下一秒,廚師廚娘加入戰爭,廚房裡,大夥兒玩得好起勁,笑聲、叫聲,熱鬧非常。
紀亞的存在,驅散了城堡裡的沉悶寂寥,偶爾,笑容爬上人們臉上,朝氣活力慢慢滋長。
「你們在做什麼?」世泱開完視訊會議,走進廚房,皺眉,不到十二月,家裡居然堆起雪人!

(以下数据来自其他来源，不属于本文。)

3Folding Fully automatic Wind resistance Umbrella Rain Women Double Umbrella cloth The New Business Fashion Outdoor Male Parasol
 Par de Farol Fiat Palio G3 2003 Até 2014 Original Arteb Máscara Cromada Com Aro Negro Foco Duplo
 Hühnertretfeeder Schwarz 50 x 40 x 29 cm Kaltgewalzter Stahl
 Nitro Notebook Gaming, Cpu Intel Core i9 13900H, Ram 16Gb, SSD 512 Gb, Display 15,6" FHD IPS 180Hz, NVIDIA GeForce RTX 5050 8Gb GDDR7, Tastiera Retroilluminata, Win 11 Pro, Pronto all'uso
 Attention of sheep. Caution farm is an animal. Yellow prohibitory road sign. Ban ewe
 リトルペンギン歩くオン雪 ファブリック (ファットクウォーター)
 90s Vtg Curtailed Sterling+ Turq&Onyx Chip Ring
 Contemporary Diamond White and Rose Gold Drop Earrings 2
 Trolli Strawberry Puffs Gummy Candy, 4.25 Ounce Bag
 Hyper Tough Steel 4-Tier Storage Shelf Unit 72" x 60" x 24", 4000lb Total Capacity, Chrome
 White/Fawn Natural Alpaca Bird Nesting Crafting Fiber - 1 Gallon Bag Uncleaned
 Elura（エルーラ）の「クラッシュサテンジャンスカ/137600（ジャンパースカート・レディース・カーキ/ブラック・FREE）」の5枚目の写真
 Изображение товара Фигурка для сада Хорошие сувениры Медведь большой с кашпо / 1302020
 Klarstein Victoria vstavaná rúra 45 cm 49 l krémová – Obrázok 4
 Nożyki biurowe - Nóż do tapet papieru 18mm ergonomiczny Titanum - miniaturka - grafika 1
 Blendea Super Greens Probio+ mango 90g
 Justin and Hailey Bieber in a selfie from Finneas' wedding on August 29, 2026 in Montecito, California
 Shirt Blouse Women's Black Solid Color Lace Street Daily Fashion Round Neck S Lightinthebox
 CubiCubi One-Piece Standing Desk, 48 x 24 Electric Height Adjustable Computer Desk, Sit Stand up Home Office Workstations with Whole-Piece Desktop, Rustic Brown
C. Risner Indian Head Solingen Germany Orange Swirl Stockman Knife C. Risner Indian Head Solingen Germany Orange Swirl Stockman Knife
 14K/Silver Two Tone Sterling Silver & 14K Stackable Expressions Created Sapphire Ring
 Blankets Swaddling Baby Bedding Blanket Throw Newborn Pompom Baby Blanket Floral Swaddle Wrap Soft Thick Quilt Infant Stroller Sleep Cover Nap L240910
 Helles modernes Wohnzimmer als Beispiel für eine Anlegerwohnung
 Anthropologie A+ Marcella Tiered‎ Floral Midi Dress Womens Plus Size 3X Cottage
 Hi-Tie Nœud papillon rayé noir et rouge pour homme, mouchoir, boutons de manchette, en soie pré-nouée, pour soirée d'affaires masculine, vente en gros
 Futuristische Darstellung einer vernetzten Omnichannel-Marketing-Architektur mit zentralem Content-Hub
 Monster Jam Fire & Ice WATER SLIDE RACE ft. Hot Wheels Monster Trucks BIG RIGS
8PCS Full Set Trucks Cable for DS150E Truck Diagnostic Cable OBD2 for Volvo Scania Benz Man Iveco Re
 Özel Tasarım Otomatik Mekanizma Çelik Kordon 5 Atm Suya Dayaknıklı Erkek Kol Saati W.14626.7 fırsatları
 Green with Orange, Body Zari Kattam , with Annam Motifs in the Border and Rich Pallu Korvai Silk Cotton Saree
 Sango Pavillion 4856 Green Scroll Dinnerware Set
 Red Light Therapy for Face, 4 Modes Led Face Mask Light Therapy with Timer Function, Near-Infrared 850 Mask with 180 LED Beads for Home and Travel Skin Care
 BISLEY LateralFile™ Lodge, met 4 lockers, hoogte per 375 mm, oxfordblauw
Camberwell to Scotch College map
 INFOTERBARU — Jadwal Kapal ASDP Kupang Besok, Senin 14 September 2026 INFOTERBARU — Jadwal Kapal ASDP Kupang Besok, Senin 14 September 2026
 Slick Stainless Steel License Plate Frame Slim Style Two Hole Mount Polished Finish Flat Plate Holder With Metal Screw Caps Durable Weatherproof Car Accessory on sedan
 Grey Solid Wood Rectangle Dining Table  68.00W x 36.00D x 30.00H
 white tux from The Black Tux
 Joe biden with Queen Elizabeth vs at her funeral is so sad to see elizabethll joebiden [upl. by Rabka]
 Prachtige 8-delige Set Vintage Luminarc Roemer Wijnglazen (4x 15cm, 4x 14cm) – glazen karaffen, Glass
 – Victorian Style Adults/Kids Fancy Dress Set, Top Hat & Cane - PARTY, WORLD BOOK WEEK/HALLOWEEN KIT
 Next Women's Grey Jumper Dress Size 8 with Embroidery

「我們在做餅乾,太陽花的哦!廚師伯伯說,烤起來會比外面賣的味道更好,我們拿去市場賣,好不好?」殷殷捧起僅存的太陽花說。
世泱走近,替紀亞抓起發尾的小麵團。
「爸,裡面有加小桂花,很香哦!」她把餅乾湊到世泱鼻尖,餅乾未烤好,殷殷先學會推銷,這女孩,將來肯定是做生意的料。
「桂花誰種的?」紀亞趁機教育。
「園丁叔叔種的。」
「麵團誰揉的?」
「廚師伯伯。」
「殷殷有好吃的餅乾要感謝誰?」捧起殷殷的臉,她問。
「廚師伯伯、園丁叔叔,還有種麥子的農夫、磨麵粉的工人、賣我們材料的商人,我們必須對整個世界感恩。」殷殷的一大串句子,像從書上背下來一般。
「你開始教育她了?」世泱問。
「我的作法和你不同,我要她學習感恩,要她有能力和人們和諧相處,我不希望她只能活在安全天空下,當個不解世事的『溫室公主』。」她強調了溫室公主四個字。
「你不贊成我的教育方法?」斜眉,他佯怒。
挑眉,對於他的假裝,她更加囂張,「我有更好的方法。」
「你確定自己的方法是『更好的』?」長手搭到她的肩,他想用氣勢凌人。
「沒錯,我的教育方式『才是』王道。」揮開他的手,在囂張之後,她加入搖擺。
「驕傲。」他被打敗了,親親殷殷的額頭,他說:「鋼琴老師在等你了。有沒有練琴?」
「有,媽媽說我彈得很棒,對不對?」她仰頭問紀亞。
「嗯,殷殷是天才寶寶。」
紀亞的誇獎滿足她,於是她洗手離開廚房。
接著,世泱也把紀亞帶離廚房、走入庭園。園裡有一組蕩鞦韆,那是紀亞最喜歡的地方,鞦韆常讓她想起父親在大樹下為她綁的輪胎,想起夏日黃昏,她在上面蕩啊蕩,以為蕩得夠高,便能飛上天堂,她要找到母親,告訴她,紀亞很乖很好。
「明天,我們回你老家。」世泱宣佈。
「台南?」停下鞦韆,她轉頭望他。
「那不是你的計畫之一嗎?」他笑笑,把她的頭扭到正前方,把停下的鞦韆重新推出弧線。
「計畫……」她為殷殷,已暫停下所有計畫了呀!
「我訂了飯店,這次陪你回南部,順便度假,到府城玩幾天再回來。」他愛上這種生活,她像他真正的妻子,像殷殷真正的母親,他衷心希望日子持續。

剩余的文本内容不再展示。